What a disingenuous answer! Of course it does, but that check is to protect Cellnet, not to protect innocent cardholders.

"We've also introduced extra security measures since we introduced the service last July, and we've put in more this week that will make it very difficult for the criminals that are taking advantage of this process to perpetrate the fraud".

But there's no evidence that this will deter people who already have a pre-pay Cellnet phone, and are already topping it up illegally.

"I think it would also be wrong to force our customers to follow a process that destroys the simplicity and ease of purchase of a prepay service. One of the attractions is that there are no forms to complete, no contracts, and no bills".

Which is very convenient for Cellnet and their customers, but a disaster for the thousands of innocent card holders who are being defrauded!

"We have to manage the fraud that we know that we will get, we are not immune as an industry to credit card fraud, but we have to manage that, but at the same time offer an easy service to use to our customers".

Only because Cellnet have deliberately introduced a system vulnerable to fraud in the first place.

"I'd dispute that [suggestion that Cellnet are getting a free loan at the expense of customers, or people who aren't even customers] completely, customers do not pay for this kind of fraud".

Of course they do, even if they eventually get a refund.
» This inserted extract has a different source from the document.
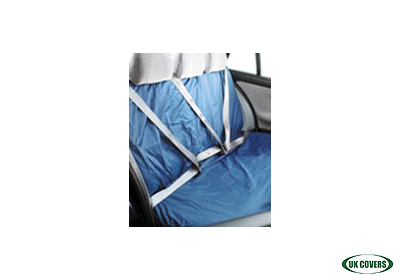 UK Covers waterproof seat covers, nylon - rear seats, navy, UKR01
Who else pays?

"We have a number of measures in place that can not only prevent this fraud from happening but also can pick up the cards that have been fraudulently topped up in this way".

"Cards"? it's phones that are being fraudulently topped up this way. If this is a slip of the tongue, and Mr Massey meant to say "phones", he'd be lying. Cellnet can't trace the phones, only (and belatedly, after the cardholder reports it) the card that was used fraudulently.

"We've introduced measures soon after we launched and we've introduced extra measures this week as well so..."

[interrupted, a bit late, etc, and can they now say that the problem is solved?]

"It would be wrong to say that we can eradicate fraud completely, and certainly other networks and other businesses that operate in the same way would say the same thing".

Another disingenuous answer. Other networks and businesses do not operate the same way, as they take a more responsible attitude to credit card fraud.

"What we've got in place now is a set of measures that we believe will make it very very difficult for these people to carry out this fraud, and inconvenience customers in this way".

Well, as Trixie Rawlinson said, we'll see. I frankly don't believe that Cellnet can have fixed their problem this week, as Mr Massey claims, in respect of the hundreds of thousands of pre-pay phones Cellnet have already sold. It's all very well to (claim to have) put a new system in place, but what are they doing about the phones already out there?

Steve Player, the Brent and Harrow Trading Standards Officer, made the important point that anonymous phones are an open invitation to criminals. He told the programme that he had written to Oftel and to the DTI, pointing out the flaws in the system of issuing unregistered, untraceable phones, but he went on to say that "unfortunately they seem to be more concerned in promoting wider ownership of mobile phones than helping helping Trading Standards services and the police force catch criminals".

Oftel and the DTI simply say that they'll review the situation should there be more of these situations arising.

I sympathise with Mr Player. This official attitude is disgraceful. How many "situations" need to arise before they act? Thousands of innocent parties are already being defrauded, some to the tune of thousands of pounds, yet none of the regulatory bodies is prepared to do anything about it.

I find it ironic that Cellnet (who are part-owned by Securicor, a company which trades on safe transit of people's money) publicise their "U" pre-pay phone service with a picture of a fingerprint. What kind of customer is that logo supposed to appeal to?